• **What needs to be done**
Below is a listing. Write out exactly its lines between the one holding "בית מלון כפרי Gala Split" and the one holding "3095 Laurel Springs", inclusive.

• **Exercise data**
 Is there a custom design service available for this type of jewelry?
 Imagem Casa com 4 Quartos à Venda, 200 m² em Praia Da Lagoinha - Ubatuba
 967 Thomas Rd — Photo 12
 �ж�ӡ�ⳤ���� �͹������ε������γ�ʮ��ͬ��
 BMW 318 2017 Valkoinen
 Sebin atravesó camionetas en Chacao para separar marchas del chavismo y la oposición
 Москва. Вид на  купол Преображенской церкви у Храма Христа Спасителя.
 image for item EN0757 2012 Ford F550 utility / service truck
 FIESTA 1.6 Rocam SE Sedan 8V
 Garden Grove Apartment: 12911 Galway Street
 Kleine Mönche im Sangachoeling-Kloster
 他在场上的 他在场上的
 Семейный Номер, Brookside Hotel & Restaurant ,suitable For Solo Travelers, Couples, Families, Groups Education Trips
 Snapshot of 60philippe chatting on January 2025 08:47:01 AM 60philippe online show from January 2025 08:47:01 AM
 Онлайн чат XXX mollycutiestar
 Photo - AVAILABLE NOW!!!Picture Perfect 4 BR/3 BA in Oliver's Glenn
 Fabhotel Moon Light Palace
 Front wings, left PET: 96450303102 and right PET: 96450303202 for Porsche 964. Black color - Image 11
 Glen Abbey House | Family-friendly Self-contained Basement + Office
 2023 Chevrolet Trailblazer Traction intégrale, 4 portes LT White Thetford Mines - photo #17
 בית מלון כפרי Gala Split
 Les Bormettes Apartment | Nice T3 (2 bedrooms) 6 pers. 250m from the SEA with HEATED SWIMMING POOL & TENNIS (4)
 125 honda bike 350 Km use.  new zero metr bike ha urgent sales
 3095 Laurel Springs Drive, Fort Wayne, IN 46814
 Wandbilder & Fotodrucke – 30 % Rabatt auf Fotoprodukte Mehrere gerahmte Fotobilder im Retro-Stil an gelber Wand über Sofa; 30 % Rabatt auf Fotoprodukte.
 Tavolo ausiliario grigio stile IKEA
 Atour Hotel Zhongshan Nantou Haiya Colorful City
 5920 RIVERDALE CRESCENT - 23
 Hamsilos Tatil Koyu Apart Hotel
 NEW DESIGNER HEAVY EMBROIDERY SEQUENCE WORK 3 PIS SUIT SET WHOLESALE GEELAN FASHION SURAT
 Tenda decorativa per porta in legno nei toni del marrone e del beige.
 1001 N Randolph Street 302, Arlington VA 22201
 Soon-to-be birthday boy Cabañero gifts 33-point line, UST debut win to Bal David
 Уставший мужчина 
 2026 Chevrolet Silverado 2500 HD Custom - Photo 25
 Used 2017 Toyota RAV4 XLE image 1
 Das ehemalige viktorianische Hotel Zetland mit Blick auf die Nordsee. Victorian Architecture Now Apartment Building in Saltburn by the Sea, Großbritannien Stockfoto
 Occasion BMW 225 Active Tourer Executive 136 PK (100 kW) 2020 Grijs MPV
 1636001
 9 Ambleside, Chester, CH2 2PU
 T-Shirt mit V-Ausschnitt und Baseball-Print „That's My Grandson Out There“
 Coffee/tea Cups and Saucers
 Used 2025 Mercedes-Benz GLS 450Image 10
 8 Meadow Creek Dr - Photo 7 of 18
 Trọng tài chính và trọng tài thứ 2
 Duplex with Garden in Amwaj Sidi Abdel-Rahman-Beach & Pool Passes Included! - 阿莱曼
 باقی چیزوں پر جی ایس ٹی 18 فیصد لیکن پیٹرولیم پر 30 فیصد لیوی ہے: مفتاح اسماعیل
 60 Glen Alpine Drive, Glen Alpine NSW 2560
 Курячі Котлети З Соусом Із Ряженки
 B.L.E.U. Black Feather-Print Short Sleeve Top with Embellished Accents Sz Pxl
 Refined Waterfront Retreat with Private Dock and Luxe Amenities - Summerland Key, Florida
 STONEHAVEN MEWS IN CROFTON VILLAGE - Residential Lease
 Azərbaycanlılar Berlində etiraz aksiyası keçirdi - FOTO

• **Written answer**
 בית מלון כפרי Gala Split
 Les Bormettes Apartment | Nice T3 (2 bedrooms) 6 pers. 250m from the SEA with HEATED SWIMMING POOL & TENNIS (4)
 125 honda bike 350 Km use.  new zero metr bike ha urgent sales
 3095 Laurel Springs Drive, Fort Wayne, IN 46814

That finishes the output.